**Exercise prompt**: Exact copies of the lines below, from the one with "Kepala BPN Kota" up to and including the one with "Photo 11 at 83 Logan Court, Holly, Barrie", are what this calls for; leave out pictures.

**Given data**:

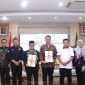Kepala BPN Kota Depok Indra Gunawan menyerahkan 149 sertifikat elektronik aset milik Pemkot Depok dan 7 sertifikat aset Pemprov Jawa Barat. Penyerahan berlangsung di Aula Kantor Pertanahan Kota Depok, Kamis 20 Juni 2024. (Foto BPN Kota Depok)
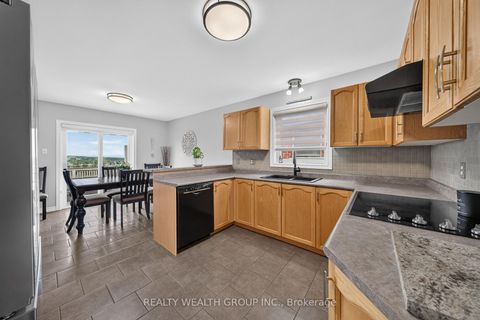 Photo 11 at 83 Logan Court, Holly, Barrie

==

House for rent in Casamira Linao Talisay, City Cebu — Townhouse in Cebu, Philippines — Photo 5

**Written solution**:
Kepala BPN Kota Depok Indra Gunawan menyerahkan 149 sertifikat elektronik aset milik Pemkot Depok dan 7 sertifikat aset Pemprov Jawa Barat. Penyerahan berlangsung di Aula Kantor Pertanahan Kota Depok, Kamis 20 Juni 2024. (Foto BPN Kota Depok)
 Photo 11 at 83 Logan Court, Holly, Barrie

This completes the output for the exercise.